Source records
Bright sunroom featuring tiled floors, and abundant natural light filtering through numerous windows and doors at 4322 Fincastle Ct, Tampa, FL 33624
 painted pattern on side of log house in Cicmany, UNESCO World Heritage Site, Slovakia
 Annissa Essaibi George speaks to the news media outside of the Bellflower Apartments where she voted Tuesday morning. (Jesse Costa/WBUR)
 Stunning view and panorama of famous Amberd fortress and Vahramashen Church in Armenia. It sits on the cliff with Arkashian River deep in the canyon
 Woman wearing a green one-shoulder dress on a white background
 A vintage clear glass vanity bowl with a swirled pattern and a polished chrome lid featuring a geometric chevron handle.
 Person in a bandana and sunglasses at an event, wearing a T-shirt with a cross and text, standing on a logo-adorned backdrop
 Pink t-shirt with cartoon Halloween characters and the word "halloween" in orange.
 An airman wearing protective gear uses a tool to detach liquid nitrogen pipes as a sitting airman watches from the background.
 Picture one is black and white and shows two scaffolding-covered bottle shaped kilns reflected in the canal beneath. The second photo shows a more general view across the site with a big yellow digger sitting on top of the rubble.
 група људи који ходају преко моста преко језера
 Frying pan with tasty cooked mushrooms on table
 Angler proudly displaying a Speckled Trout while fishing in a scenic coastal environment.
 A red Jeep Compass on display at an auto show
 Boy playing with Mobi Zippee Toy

__Task objective__. Reproduce every line above. Keep it exact.

__Result below__.
Bright sunroom featuring tiled floors, and abundant natural light filtering through numerous windows and doors at 4322 Fincastle Ct, Tampa, FL 33624
 painted pattern on side of log house in Cicmany, UNESCO World Heritage Site, Slovakia
 Annissa Essaibi George speaks to the news media outside of the Bellflower Apartments where she voted Tuesday morning. (Jesse Costa/WBUR)
 Stunning view and panorama of famous Amberd fortress and Vahramashen Church in Armenia. It sits on the cliff with Arkashian River deep in the canyon
 Woman wearing a green one-shoulder dress on a white background
 A vintage clear glass vanity bowl with a swirled pattern and a polished chrome lid featuring a geometric chevron handle.
 Person in a bandana and sunglasses at an event, wearing a T-shirt with a cross and text, standing on a logo-adorned backdrop
 Pink t-shirt with cartoon Halloween characters and the word "halloween" in orange.
 An airman wearing protective gear uses a tool to detach liquid nitrogen pipes as a sitting airman watches from the background.
 Picture one is black and white and shows two scaffolding-covered bottle shaped kilns reflected in the canal beneath. The second photo shows a more general view across the site with a big yellow digger sitting on top of the rubble.
 група људи који ходају преко моста преко језера
 Frying pan with tasty cooked mushrooms on table
 Angler proudly displaying a Speckled Trout while fishing in a scenic coastal environment.
 A red Jeep Compass on display at an auto show
 Boy playing with Mobi Zippee Toy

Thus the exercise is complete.